First off, I’d like to thank everyone who participated in my comments section last week. It was great to hear from everyone, and I appreciate you sharing your technology with me! Hopefully I was able to help you, even if it was only a little bit.

I’ve been brewing hard (with your help), and I’ve got at least one list I know will be a contender (along with a couple that might not be, heh).

B/W/R Midrange

This deck is one that I think a lot of people will turn to at the beginning of the format, so in that regard it’s kind of obvious. Regardless, this is the deck that I’m most looking forward to playing come Theros.

Look, it’s Jund! While the decks don’t share the same colors, a clear comparison can be made. Both function off large, difficult-to-kill creatures, often ones that provide some value even if they are killed. While the deck has access to several removal spells, the creatures often function as removal as well.

For example, Boros Reckoner might not kill all of their creatures, but attacking into one is often a losing proposition. The virtual card advantage that something like Boros Reckoner provides is something that decks like Jund desperately need, as killing every single creature your opponent plays is a tall order.

Desecration Demon plays a similar role to Boros Reckoner, but occasionally that can backfire. If you’re super far behind, Desecration Demon isn’t going to stabilize you. However, combined with all your removal and especially Anger of the Gods, Desecration Demon will be doing most of the heavy lifting.

I’d say that on average Desecration Demon will be actively good, whereas a small portion of the time it will be blank cardboard. One thing that you should remember is that most cards, like Lingering Souls, Doomed Traveler, and Thragtusk, will no longer be in the format to harass Desecration Demon. This time, when things get sacrificed, that’s a creature you no longer have to worry about killing (unless it’s a Voice of Resurgence).

The removal, as straightforward as it might be, is actually quite versatile. Even against decks that have very few creatures, cards like Dreadbore and Warleader’s Helix can be used to take out planeswalkers.

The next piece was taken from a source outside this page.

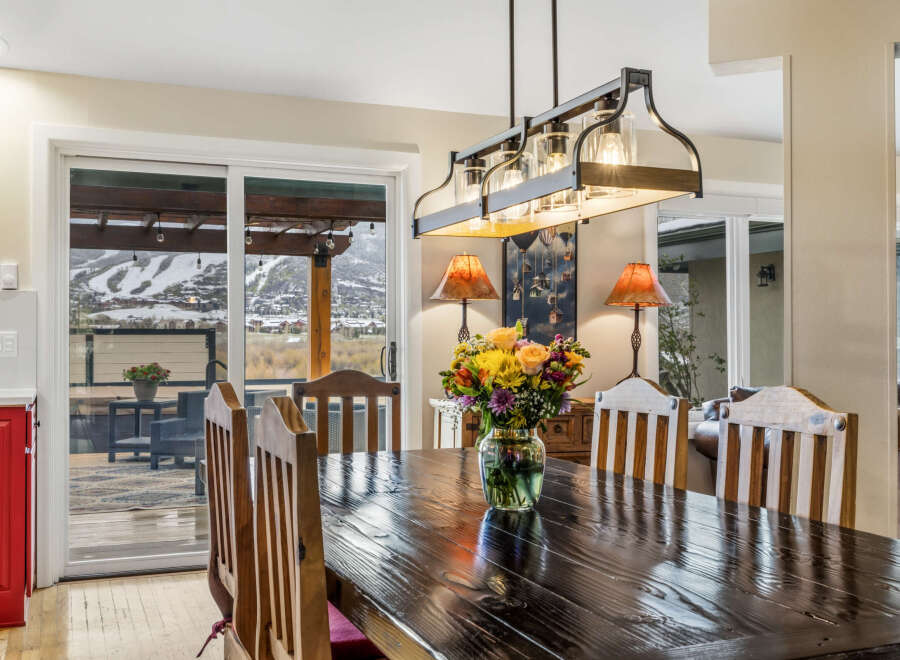 This stunning dining room showcases a beautiful dark wood table, perfect for hosting gatherings.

Chained to the Rocks and Anger of the Gods might not do a whole lot against them, but at least not all of your cards are dead.

For control, you’re looking to bait out their answers until you can resolve Obzedat, Ghost Council or Rakdos’s Return. Post-board, cards like Underworld Connections and Thoughtseize should put you over the top. For any strange permanents that are giving you a hard time, you have Wear // Tear (or maybe Glare of Heresy).

The mana base has fifteen white sources, sixteen black sources (plus two from Rakdos Keyrune), and fourteen red sources (plus two from Rakdos Keyrune). That’s not bad, and ideally I’ll be able to do better. Another Guildgate (or Temple) wouldn’t be the worst idea, but we’ve got six enters-the-battlefield-tapped lands already, so adding more is asking for trouble.

However, the deck does have an additional land, which allows you to mitigate the effect of having too many ETB tapped lands. Say your hand is a pair of Guildgates, a Swamp, and a Mountain, and you want to curve out two-drop, three-drop, four-drop but can’t because of that hand. By playing extra lands, you’re putting some extra stock into having your colors on time, but you also might have an extra land in that hand, allowing you to play your Guildgate on turn 5 if necessary.

Using those types of tactics in any normal deck might cause you to get flooded from time to time, especially if you were playing something like Rakdos Keyrune. Trust me when I say this: Read the Bones is the truth.

It allows you to dig for lands or spells, whichever you need, and is very close to a tutor for whichever type you need. In the late game, I wouldn’t be surprised if you could turn a game you’re behind into one you’re suddenly ahead thanks to Read the Bones finding two spells.

One important aspect of Read the Bones is that it should primarily be used to dig for action. Sometimes you’re going to need lands, and Read the Bones will be there to dig you out. But if you’re stuck on lands and behind on board, do you really want to have to cast Read the Bones to dig for more lands? That might put you even further behind. Instead, I’d prefer to make my first few land drops naturally and cast Read the Bones searching for business spells once you’ve stabilized.

Of course, such things come at a cost. In this case, the cost is two life. Overall, that’s not a horrible drawback, but it adds up over time, especially if you were to play Thoughtseize as well. However, Warleader’s Helix and Whip of Erebos make up a lot of lost life, and Obzedat, Ghost Council is no slouch either.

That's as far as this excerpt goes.